La ingratitud de los hijos, es un puñal en el corazón de una madre: Anita

No se dan cuenta del gran tesoro que tienen al contar con sus padres

 

Por I. Carolina Campos

“La ingratitud de los hijos a su madre es un dolor que se lleva uno a la tumba, por ser tus hijos no dices nada pero no significa que no te duela, te parte el alma en mil pedacitos pero los vuelves a recoger y sigues protegiendo a tus hijos, a pesar de que no te den ni para un pan”, es el dolor y tristeza de Anita, nombre ficticio que le damos a una mujer con cabellos de plata y caminos de conocimiento y amor marcados en su rostro.

Nuestra entrevistada acepta compartir con nuestros lectores de Ojo Águila su historia, una historia que al ir narrando se le llenan los ojitos de lágrimas como si se tratara de una pequeña niña a la que le lastima un regaño. Anita, espera que algún día sus hijos le den para su pan, sobre todo los que sí tienen porque cobran sus rentas.

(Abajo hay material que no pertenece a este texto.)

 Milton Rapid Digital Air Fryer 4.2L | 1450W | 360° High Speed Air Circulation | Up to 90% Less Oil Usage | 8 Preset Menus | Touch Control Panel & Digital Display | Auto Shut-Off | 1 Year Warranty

Ataviada en un rebozo café un poco desgastado y acompañada de dos nietos- hijos de Carlos- el último de sus vástagos, Anita dice que Dios le envío cuatro hombres y dos mujeres, pero vive con el hijo más chico, el único que le compra su pan, alimento al que está acostumbrada desde que era niña, y eso le compra cuando alcanza, y cuando no, se tiene que aguantar.

Aunque sienta que si no come su pan es como si no hubiera comido nada “no me lleno, siento que no comí nada cuando no como mi pan, a veces le alcanza a mi hijo, a veces no”, dice agachando la cabeza para limpiar las lágrimas que resbalan por sus mejillas y caen en el rebozo que en parte cubre también a Lauro su nieto.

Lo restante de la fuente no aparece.